I took off the muffler, cleaned everything out, the spark arrestor screen was fairly clean, some carbon in the channel, cleaned out.

Tried it without the muffler and ... nothing ... not even a sputter, really has me baffled. :drunk:

Any other possibilities?

Thanks again.


----------



## glenjudy (Aug 26, 2006)

rirusshob said:


> I.....The spark is fine, checked it while spark plug was out and it ignited the gasoline just fine.
> 
> Any ideas?
> 
> Thanks.-


fwiw, IPL looks more like an ECHO...
checked it while spark plug was out......
how did it ignite???

have you tried new plug ????


----------



## rirusshob (Jun 6, 2010)

Tried several new plugs. RC4J, and RCJ6Y, I even tried a E3.12 Diamond Fire.




> how did it ignite???


I took the Spark plug out attached it to the cable placed it touching the cylinder head (spark plug thread) sprayed stating fluid on it, pulled the cord and it ignited the fluid.

I set the gap to 0.28 and it gives a nice spark jump. But it just does not even sputter when assembled.

Also Disconnected the Fuel Line. Emptied the Carb, sprayed some Starting fluid in carburator and NOTHING .... no sputter what so ever.


----------



## glenjudy (Aug 26, 2006)

how much compression does it have??


----------



## rirusshob (Jun 6, 2010)

The compression taken up to max in three pulls is 80 lbs sq in.


----------



## 30yearTech (Sep 14, 2006)

glenjudy said:


> fwiw, IPL looks more like an ECHO...


Nope! That's not an Echo, it is a Homelite.

80 lbs is border line on the compression. Try a few drops of oil in the cylinder and then see if it will fire off, the oil will help boost the compression temporarily and if it starts and runs for a few seconds this way. You can safely assume that the compression is too low. Another thing to check for is a massive air leak into the crankcase.
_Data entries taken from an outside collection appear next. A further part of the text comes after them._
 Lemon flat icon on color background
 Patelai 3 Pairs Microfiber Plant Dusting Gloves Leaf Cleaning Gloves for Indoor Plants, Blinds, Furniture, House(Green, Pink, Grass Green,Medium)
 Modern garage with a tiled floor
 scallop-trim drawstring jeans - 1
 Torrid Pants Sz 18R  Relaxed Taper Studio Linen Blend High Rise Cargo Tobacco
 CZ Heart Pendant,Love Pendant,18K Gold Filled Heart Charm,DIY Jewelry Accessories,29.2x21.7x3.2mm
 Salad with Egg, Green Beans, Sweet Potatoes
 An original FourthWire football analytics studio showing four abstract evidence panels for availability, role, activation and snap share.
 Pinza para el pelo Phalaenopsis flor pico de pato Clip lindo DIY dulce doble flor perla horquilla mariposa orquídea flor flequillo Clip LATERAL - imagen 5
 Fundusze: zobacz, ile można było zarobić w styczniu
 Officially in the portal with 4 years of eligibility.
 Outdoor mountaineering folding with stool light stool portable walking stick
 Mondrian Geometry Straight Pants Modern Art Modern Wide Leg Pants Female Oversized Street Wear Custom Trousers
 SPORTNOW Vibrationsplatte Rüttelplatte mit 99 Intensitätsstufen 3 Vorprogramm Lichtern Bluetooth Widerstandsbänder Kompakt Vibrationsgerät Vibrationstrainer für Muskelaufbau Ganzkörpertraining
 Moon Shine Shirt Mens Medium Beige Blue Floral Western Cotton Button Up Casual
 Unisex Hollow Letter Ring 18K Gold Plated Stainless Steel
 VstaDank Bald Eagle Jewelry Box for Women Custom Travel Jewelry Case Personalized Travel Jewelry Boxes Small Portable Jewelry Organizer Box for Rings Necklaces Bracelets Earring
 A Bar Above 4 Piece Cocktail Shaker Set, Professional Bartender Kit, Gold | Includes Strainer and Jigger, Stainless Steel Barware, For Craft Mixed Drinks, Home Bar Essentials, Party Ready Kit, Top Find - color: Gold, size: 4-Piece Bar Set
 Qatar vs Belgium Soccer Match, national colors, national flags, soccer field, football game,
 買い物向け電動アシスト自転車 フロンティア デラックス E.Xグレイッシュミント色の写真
Best of Luck... :thumbsup:


----------



## hankster (Jan 1, 1998)

80psi is too low.


----------



## rirusshob (Jun 6, 2010)

I tried the drops of Oil but only got it to go to 90psi, and by your replies I figure that I need to replace at least the Piston Ring to see if I can get the PSI up.

What do you guys think?

Thanks.


----------



## 30yearTech (Sep 14, 2006)

Parts for this trimmer may not be overly expensive, but it still may not be a cost effective repair. Generally if the ring has significant wear, then there will be wear in the cylinder as well. 

It could be that the piston ring is stuck in the ring land of the piston and only needs to be cleaned up. You can try spraying some sea foam deep creep into the cylinder and letting is soak for a day or two, this will loosen up any carbon that could be sticking the ring. This of course may or may not be the issue with your trimmer, but may be worth a try. You can usually tell if the ring is stuck by an inspection through the exhaust port with the muffler removed.


----------



## rirusshob (Jun 6, 2010)

Thank you *30yearTech* for pointing out all that information and the advice on the _sea foam deep creep_ which I will try!!!!

I have ordered a Ring, which as you said is not very expensive at all and try that. 

But since I have taken good care of this little trimmer in the past and just because it doesn't START AT ALL I willing to give it a little chance to come back. 

After I get that ring in I'll let you know. 

Thanks all of you for such a great input on the problem, I really appreciate it.


----------



## rirusshob (Jun 6, 2010)

> Another thing to check for is a massive air leak into the crankcase


.

Yes, there was a loss of compression down the side where the piston ring was STUCK. The side of the piston was full of carbon. 

I can almost be sure that this was the problem: Stuck Piston ring and maybe was cracked.

Dremel'd all carbon off, everything else looks good !!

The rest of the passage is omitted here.